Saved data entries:
════
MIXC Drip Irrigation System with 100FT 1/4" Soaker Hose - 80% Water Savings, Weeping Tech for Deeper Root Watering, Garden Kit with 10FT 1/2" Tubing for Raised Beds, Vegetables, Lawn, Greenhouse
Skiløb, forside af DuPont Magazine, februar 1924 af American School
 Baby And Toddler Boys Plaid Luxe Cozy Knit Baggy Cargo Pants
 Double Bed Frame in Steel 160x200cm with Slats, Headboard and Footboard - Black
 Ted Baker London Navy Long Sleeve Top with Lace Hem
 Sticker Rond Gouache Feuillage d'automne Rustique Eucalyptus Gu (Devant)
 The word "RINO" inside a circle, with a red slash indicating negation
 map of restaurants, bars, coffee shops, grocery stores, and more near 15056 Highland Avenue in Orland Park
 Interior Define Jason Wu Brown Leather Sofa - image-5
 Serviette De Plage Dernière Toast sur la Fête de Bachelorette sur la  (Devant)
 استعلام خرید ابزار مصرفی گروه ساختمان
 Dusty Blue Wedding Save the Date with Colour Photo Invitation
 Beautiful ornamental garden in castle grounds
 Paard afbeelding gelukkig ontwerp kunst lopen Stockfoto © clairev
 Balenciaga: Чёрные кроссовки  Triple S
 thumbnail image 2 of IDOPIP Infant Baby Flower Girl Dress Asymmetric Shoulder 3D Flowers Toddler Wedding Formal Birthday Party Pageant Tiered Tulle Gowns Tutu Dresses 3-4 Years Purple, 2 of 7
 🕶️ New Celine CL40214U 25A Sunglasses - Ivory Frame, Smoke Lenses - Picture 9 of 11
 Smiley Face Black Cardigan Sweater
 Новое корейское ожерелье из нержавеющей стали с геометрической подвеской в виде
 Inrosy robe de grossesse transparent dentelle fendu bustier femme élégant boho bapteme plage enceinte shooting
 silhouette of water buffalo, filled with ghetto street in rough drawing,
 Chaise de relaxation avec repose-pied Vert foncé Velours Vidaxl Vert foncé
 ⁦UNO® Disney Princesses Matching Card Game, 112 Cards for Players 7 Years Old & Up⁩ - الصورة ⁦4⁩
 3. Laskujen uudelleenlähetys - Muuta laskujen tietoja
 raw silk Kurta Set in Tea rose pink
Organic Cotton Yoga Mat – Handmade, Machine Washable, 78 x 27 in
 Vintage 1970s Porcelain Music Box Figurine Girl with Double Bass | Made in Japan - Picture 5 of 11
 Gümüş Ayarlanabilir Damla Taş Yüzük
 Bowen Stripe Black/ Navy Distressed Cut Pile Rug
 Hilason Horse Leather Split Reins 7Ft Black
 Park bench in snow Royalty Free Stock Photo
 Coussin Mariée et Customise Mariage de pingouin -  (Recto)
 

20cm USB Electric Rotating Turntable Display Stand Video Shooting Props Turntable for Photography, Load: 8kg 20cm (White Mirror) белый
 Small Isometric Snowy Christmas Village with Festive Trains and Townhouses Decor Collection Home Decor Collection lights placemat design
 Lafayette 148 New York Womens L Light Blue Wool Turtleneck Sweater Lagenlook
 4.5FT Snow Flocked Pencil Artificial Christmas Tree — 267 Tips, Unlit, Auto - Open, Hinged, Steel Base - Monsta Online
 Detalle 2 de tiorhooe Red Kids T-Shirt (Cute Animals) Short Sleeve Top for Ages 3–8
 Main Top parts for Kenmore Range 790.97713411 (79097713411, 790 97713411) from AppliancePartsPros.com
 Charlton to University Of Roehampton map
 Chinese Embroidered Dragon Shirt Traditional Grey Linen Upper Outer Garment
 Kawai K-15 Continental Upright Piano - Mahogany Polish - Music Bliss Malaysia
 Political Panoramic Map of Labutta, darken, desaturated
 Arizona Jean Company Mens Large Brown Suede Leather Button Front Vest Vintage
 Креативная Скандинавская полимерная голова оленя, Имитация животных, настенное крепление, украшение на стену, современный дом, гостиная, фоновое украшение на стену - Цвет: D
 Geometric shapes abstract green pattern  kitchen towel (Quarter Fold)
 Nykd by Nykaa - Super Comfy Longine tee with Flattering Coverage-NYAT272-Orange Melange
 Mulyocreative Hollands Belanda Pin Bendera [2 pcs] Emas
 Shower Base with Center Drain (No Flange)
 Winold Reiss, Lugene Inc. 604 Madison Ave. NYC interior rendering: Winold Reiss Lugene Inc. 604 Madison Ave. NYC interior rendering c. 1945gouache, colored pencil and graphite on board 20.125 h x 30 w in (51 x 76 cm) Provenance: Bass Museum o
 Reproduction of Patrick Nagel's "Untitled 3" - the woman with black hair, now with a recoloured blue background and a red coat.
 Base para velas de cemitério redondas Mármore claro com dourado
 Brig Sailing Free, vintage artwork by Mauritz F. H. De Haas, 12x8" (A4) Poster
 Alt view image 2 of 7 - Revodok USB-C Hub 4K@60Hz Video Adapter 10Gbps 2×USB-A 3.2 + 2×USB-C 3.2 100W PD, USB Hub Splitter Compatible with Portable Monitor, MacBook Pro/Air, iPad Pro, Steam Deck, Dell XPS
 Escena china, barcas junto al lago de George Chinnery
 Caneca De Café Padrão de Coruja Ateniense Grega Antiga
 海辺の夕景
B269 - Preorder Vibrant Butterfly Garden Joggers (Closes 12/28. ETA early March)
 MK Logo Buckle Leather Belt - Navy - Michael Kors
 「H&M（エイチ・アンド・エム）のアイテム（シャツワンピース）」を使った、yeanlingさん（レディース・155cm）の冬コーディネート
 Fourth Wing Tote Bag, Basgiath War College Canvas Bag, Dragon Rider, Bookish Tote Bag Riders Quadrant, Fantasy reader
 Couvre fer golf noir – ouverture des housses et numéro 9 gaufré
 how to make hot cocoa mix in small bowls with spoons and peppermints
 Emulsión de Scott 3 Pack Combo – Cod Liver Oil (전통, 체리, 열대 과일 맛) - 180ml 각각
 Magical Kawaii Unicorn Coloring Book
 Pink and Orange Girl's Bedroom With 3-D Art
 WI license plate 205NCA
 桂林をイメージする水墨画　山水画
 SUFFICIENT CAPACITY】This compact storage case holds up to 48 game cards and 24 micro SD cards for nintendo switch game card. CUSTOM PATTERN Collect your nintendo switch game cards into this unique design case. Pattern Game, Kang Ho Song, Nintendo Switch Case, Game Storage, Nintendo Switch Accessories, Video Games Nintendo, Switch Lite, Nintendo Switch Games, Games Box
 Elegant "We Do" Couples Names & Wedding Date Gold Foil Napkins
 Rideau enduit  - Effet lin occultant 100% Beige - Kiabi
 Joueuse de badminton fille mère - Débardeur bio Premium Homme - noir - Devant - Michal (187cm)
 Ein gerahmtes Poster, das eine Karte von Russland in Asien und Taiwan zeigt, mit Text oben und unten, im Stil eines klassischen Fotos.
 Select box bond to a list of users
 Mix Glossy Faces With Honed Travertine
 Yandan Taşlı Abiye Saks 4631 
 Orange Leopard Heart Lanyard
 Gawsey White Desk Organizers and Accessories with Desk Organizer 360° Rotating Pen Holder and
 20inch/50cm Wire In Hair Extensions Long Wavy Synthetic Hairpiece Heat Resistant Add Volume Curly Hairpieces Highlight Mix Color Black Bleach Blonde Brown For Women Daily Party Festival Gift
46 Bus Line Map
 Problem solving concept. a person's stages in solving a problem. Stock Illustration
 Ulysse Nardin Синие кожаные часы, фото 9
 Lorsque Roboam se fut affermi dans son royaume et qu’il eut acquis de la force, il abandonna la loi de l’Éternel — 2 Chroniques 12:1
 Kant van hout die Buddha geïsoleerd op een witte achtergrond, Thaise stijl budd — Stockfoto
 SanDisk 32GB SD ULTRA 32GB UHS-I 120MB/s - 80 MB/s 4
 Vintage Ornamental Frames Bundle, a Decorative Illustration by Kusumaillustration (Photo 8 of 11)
════
## EXERCISE DESCRIPTION
Starting with the line above that holds "Beautiful ornamental garden" and stopping with the line that holds "Chaise de relaxation", reproduce each line exactly, omitting all other lines.

## THE ANSWER
 Beautiful ornamental garden in castle grounds
 Paard afbeelding gelukkig ontwerp kunst lopen Stockfoto © clairev
 Balenciaga: Чёрные кроссовки  Triple S
 thumbnail image 2 of IDOPIP Infant Baby Flower Girl Dress Asymmetric Shoulder 3D Flowers Toddler Wedding Formal Birthday Party Pageant Tiered Tulle Gowns Tutu Dresses 3-4 Years Purple, 2 of 7
 🕶️ New Celine CL40214U 25A Sunglasses - Ivory Frame, Smoke Lenses - Picture 9 of 11
 Smiley Face Black Cardigan Sweater
 Новое корейское ожерелье из нержавеющей стали с геометрической подвеской в виде
 Inrosy robe de grossesse transparent dentelle fendu bustier femme élégant boho bapteme plage enceinte shooting
 silhouette of water buffalo, filled with ghetto street in rough drawing,
 Chaise de relaxation avec repose-pied Vert foncé Velours Vidaxl Vert foncé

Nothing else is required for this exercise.